--- Records shown ---

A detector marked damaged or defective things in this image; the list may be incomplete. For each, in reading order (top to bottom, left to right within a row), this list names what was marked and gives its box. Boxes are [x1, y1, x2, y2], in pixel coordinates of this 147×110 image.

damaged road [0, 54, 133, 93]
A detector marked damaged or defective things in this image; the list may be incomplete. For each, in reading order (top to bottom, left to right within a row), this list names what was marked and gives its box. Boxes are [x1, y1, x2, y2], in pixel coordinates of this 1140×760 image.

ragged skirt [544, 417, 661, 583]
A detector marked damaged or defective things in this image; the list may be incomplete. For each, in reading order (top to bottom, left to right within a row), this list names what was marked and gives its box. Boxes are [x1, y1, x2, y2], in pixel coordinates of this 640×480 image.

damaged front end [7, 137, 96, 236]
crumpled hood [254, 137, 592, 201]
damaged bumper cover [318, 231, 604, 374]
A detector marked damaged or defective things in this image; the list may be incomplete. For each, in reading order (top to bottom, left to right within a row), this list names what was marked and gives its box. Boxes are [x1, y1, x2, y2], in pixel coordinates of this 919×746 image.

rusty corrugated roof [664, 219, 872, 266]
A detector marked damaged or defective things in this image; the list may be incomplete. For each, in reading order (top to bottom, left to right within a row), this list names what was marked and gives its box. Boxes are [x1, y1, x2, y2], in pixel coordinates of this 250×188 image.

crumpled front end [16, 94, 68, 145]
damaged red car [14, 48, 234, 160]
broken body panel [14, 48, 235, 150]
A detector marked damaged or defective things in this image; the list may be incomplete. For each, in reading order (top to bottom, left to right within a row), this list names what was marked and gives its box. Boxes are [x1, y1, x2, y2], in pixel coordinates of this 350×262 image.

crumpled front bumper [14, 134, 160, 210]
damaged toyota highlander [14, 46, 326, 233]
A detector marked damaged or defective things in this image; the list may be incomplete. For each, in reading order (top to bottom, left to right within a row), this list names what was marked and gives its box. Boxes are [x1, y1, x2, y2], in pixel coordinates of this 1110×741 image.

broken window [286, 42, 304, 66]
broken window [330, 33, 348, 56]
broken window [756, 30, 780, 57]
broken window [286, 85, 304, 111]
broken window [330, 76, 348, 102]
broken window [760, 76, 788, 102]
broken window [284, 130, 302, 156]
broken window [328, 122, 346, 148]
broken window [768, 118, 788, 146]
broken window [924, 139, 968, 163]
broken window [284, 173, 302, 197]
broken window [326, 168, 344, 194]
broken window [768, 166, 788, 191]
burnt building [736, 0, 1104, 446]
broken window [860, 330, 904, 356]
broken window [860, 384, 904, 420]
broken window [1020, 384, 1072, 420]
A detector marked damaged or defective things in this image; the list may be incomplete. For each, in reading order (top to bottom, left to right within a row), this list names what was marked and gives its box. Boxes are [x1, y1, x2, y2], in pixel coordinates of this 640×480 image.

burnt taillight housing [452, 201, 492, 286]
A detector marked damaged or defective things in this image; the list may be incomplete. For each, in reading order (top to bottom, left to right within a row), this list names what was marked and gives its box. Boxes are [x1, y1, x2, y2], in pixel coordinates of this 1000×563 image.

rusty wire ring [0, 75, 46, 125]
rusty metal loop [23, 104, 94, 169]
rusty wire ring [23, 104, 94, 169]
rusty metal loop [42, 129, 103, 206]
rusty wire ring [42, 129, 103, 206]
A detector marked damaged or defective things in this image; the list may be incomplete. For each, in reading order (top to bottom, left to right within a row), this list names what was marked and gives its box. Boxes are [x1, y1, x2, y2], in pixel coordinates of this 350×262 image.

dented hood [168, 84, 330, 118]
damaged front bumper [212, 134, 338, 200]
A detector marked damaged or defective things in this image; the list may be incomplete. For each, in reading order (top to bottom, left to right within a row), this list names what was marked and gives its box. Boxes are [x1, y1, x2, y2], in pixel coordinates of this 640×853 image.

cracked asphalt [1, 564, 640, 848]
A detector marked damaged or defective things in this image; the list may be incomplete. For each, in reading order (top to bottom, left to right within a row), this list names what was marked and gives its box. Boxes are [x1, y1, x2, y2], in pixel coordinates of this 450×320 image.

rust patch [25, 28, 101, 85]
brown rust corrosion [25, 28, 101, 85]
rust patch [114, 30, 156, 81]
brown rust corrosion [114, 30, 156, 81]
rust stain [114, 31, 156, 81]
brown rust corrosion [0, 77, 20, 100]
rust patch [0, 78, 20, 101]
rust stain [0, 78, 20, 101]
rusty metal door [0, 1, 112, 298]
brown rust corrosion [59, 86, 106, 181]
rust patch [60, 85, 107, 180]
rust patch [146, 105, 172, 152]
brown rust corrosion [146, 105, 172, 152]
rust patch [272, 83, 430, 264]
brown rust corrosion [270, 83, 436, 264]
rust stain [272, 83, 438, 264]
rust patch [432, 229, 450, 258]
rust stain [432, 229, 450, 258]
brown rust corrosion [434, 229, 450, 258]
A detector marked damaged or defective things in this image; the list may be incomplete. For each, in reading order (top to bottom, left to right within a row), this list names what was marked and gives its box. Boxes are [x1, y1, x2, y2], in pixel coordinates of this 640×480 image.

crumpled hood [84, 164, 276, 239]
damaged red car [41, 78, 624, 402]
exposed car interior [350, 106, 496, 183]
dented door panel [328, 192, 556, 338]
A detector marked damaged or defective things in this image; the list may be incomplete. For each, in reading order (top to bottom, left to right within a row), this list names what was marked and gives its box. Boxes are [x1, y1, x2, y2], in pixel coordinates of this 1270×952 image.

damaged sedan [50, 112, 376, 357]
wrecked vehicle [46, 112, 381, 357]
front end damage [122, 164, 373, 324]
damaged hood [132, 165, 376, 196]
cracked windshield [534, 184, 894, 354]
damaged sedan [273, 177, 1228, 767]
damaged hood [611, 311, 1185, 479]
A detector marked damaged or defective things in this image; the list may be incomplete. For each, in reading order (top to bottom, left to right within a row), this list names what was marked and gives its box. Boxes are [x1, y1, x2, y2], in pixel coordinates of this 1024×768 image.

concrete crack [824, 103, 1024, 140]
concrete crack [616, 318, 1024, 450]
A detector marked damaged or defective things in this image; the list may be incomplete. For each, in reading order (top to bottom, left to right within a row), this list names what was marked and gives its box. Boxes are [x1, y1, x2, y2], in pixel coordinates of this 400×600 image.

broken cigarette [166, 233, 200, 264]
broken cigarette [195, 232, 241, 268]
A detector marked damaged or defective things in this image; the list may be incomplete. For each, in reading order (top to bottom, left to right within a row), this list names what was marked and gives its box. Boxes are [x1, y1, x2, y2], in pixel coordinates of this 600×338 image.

---

#### What to work on
Write out, word for word, the lines from the one containing "this 400×600 image." through the end of the records, with no other lines.

#### Completed exercise
A detector marked damaged or defective things in this image; the list may be incomplete. For each, in reading order (top to bottom, left to right within a row), this list names what was marked and gives its box. Boxes are [x1, y1, x2, y2], in pixel coordinates of this 400×600 image.

broken cigarette [166, 233, 200, 264]
broken cigarette [195, 232, 241, 268]
A detector marked damaged or defective things in this image; the list may be incomplete. For each, in reading order (top to bottom, left to right within a row), this list names what was marked and gives its box. Boxes are [x1, y1, x2, y2], in pixel coordinates of this 600×338 image.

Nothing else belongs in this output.